Kabale und Liebe bij de SPD

De verontwaardiging van de Duitse regering – vooral van de Groenen – over de cyber-inbraak van de Russische geheime diensten in het Berlijnse SPD-hoofdkwartier begrijp ik niet. Als de inlichtingendiensten van bevriende staten al bij elkaar inbreken (destijds de cyber-aanvallen van de Amerikaanse NSA in de kanselarij van Angela Merkel), waarom zouden de Russen het dan laten? Vooral: waarom zouden de Russische hackers niet tot actie overgaan als de e-mailconto’s in het Berlijnse SPD-hoofdkwartier zo lek als een mandje zijn omdat de elementairste updates er niet worden uitgevoerd ? Maar inderdaad, nog onbegrijpelijker is het optreden van de Russen zelf. Want wat voor bijkomende informatie denkt de Russische geheime dienst in de SPD-e-mailbestanden te kunnen vinden als je weet dat een goed ingelichte sociaaldemocraat in Hannover die inlichtingen zonder omwegen aan zijn boezemvriend Poetin kan bezorgen? Waartoe dan het hele mediale circus, de opwinding en de stoere taal?

De macht van de ondergrond

Boeiend: Remaking Berlin. A History of the City through Infrastructure, 1920-2020 (MIT Press, 2020) van Timothy Moss. These: ongeveer alle Berlijnse ondergrondse infrastructuur is ondanks de bombardementen van eind 1943 begin 1945 intact gebleven. Meer nog: ‘The well-documentated survival of Berlin’s underground infrastructure became, indeed, the decisive argument behind retaining the city’s prewar urban form and rejecting the new landscape advocated by modernists. Rarely has the power of infrastructure to shape urban development been so starkly revealed.’

Het leger van de AfD

De Duitse sociaaldemocratische minister van Defensie Boris Pistorius pleit voor de uitbouw van een sterk Duits leger. Maar wat zou zo’n leger betekenen in de handen van de sociaaldemocratische weifelaars en zoetebroodjesbakkers van het type Olaf Scholz? Erger nog, zelfs in de onwaarschijnlijke veronderstelling dat Pistorius het fiat en de middelen zou krijgen van zijn appeasement-partij, zouden wij, Duitsers en West-Europeanen, dat sterke Duitse leger dan niet meer dan Poetins leger moeten vrezen als het in de handen valt van de Duitse Poetin-klonen in de AfD?

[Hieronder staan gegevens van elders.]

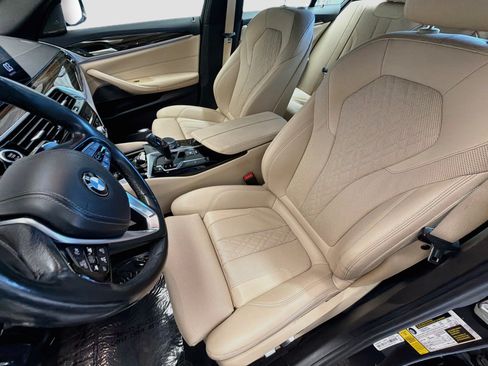 Used 2021 BMW 530i w/ Premium Package RWD image 11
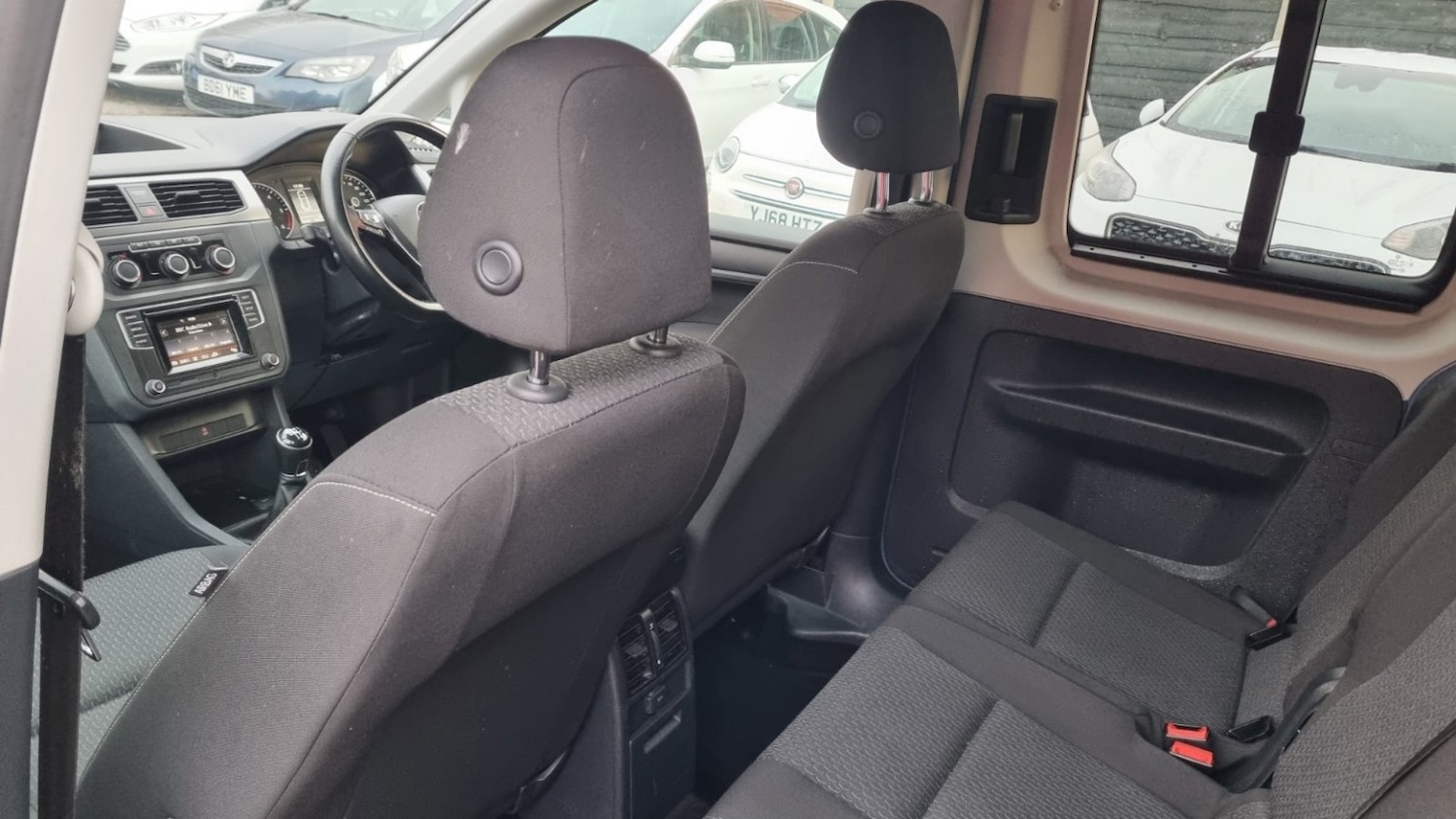 Used Volkswagen Caddy Maxi Life 2017 for sale - 77363574: Photo 49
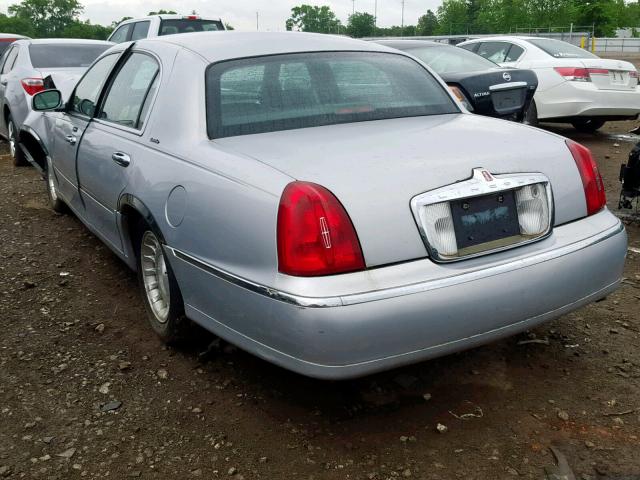 1LNHM81W41Y643586 - 2001 LINCOLN TOWN CAR E SILVER photo 3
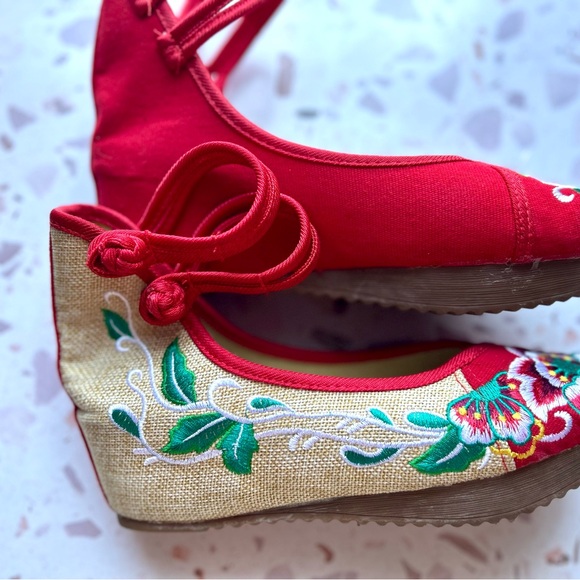 Chinese Trade Ankle Strap Embroidered Round Toe Platform Wedge Shoes Size 7.5 - Picture 7 of 13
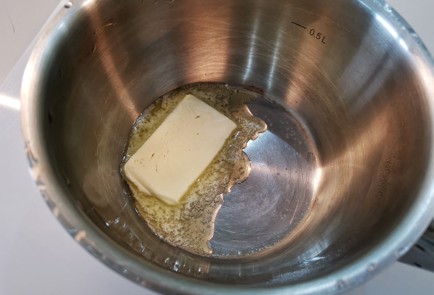 Фото шага рецепта Сливочная яичница со шпинатом 140736 шаг 1  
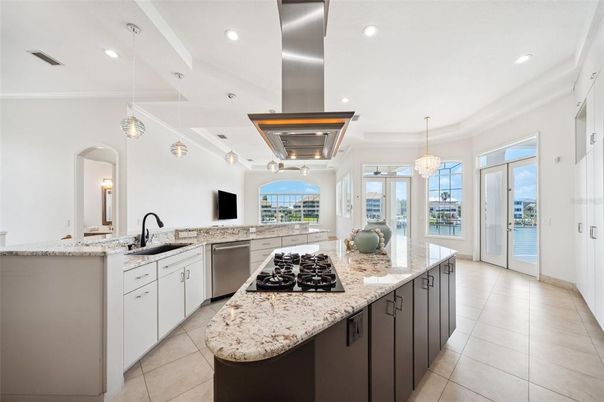 Interior, Kitchen, Pendant Lights, Recessed Lighting, Stainless Steel Appliances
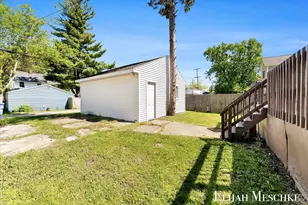1026 Garfield Ave NW, Grand Rapids, MI 49504 - Photo 37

Flaubert contra Schnitzler

Toen Arthur Schnitzler weer eens het Burgtheater bezocht werd hem door een nieuwe portier gevraagd ‘of meneer misschien artiest was’, waarop de schrijver antwoordde: ‘Als ik dat eens wist.’ Flaubert daarentegen twijfelde niet aan zijn talent. Toen een onbekende hem in een treincoupé eens vroeg of hij een handelaar in olie was, repliceerde hij: ‘Nee, in azijn.’